At Redbird, my favorite area is the great marble bar because it wraps around both rooms. The lounge is filled with low-slung, mismatched midcentury furniture and hand-painted Spanish baroque beams overhead. It’s just the place to sit for a cocktail like the Turf Club, a wonderful gin martini with French vermouth, maraschino, absinthe and orange bitters; and a few snacks, such as blistered shishito peppers with crunchy quinoa and a spicy bowl of posole with a meltingly good chunk of heritage pork belly. There’s even a mini chicken potpie with a buttery, flaky crust.

The dining room is actually a courtyard covered by a retractable roof that stays open unless it’s raining or too windy, which is a very good thing.
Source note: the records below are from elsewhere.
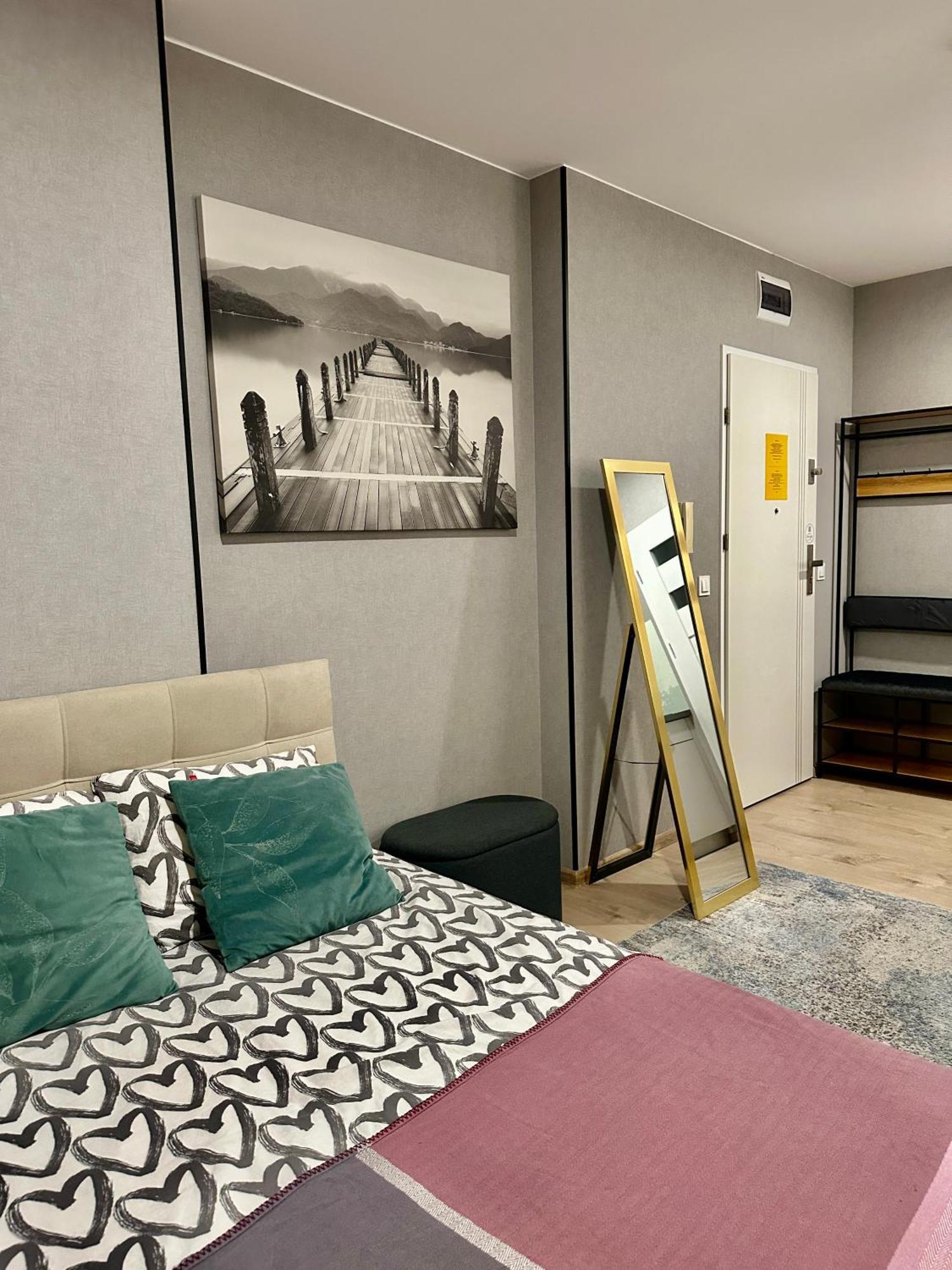 Apartamenty 1 Maja 94 คาโตวีตเซ ภายนอก รูปภาพ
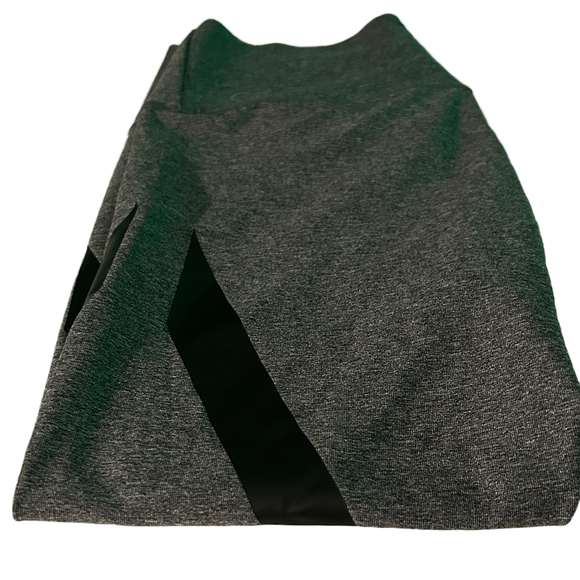 Puma | PWRSHAPE Capri Leggings | Medium | Gray Black - Picture 4 of 13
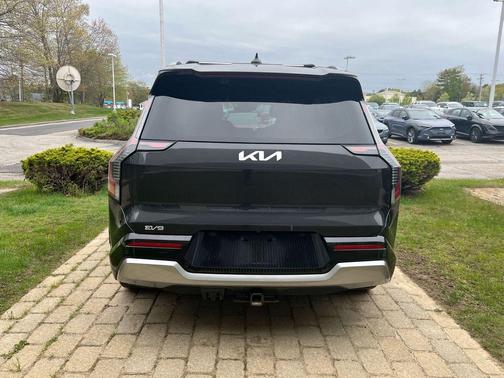 Panthera Metal 2024 Kia EV9 Land
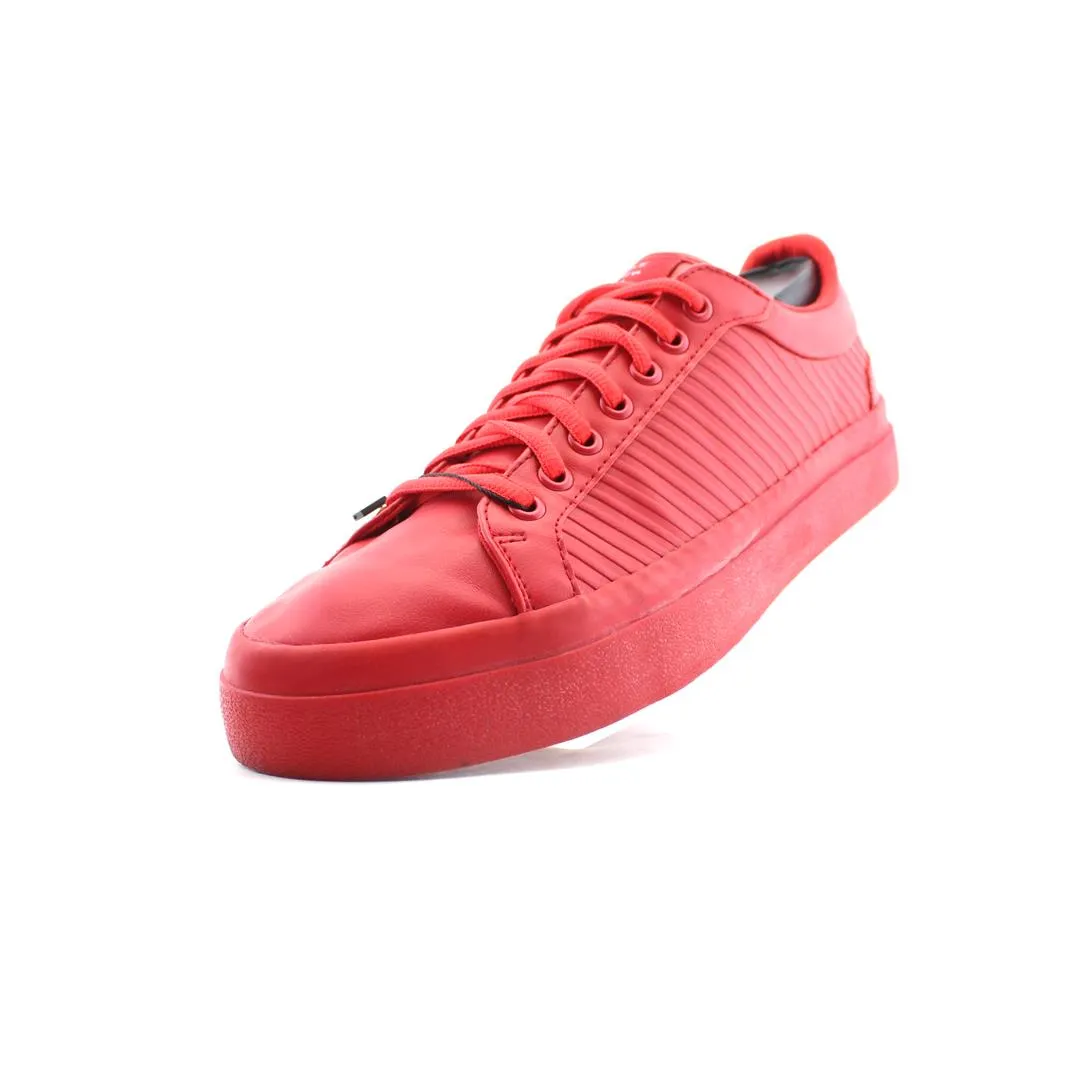 BERSHKA WE THINK SNEAKERS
It’s absolutely gorgeous—timeless and elegant without being at all stuffy. Custom wood-topped tables run through the center of the room, a few flank the sides, and more are placed along the windows. The chairs, low and wide, are supremely comfortable; it’s amazing how many people get that wrong these days. Big potted-fruit trees fill the space, while the iconic Vibiana rises around it.

It isn’t every day that I want to order everything on a menu, but here, it all sounds fantastic. And it all tastes great, too, whether picked by ourselves or selected by our server—who was one of the best I’ve encountered in town and happened to be the Frasers’ daughter, Grace. (Yes, that Grace.)

Sharing is ideal because there’s so much to try. Pretty slices of roasted squash with spicy greens, hazelnuts and goat’s milk feta, or tai snapper crudo, kissed with yuzu kosho and Meyer lemon, are two great starting points. The Dungeness crab soup is fragrant with Thai spices, and handmade pastas are a highlight, whether the cappelletti, filled with butternut squash in a light broth, or the gnocchi sardi, a non-potato dumpling coated with an earthy nettle pesto and chunks of lobster.

Neal has always had a way with proteins. Rabbit, for one, is a specialty since his Grace days. The rabbitchetta is reminiscent of an early dish, the saddle wrapped in bacon and roasted, served over a bed of creamy polenta with pea tendrils. Someone christened the veal chop “Veal Fraser” (the chef swears he didn’t name it himself), and it stuck. The 24-ounce chop comes to the table sliced and smothered in chunks of braised veal cheeks and Burgundy snails, and wow, does it work. You’ll want to pair it with pommes aligot, ultracreamy potatoes whipped with Point Reyes Toma cheese. Ending the meal with some creme catalan, plated like a garden with torn pieces of tarragon-scented sponge cake, fresh citrus and insanely refreshing blood orange sorbet, is just about perfect.

Giving the Frasers the time they needed to fully flesh out Redbird paid off. From the decor to the dessert, they’ve presented exactly what they wanted to do—blending the old and new, comfort and elegance, and, of course, delicious cuisine. It was well worth the wait.

Redbird
114 E. Second St., Los Angeles, 213.626.1507
Hours: Tuesday-Sunday, 5 p.m.-close
Appetizers, $10-$16; small plates, $15-$22; entrees, $26-$42; shared plates, $84-$111; desserts, $12

Getting There
The entrance is on Second Street in the rectory building adjacent to the cathedral. Walk through the gorgeous archways to the lounge.

Lingering Lunch
With a courtyard dining room, the place screams “daytime dining,” which starts later this month.

What’s in a Name
Redbird sort of stands for cardinal, as in the priests that used to live in the rectory. That’s probably the most religious reference you’ll see in the place.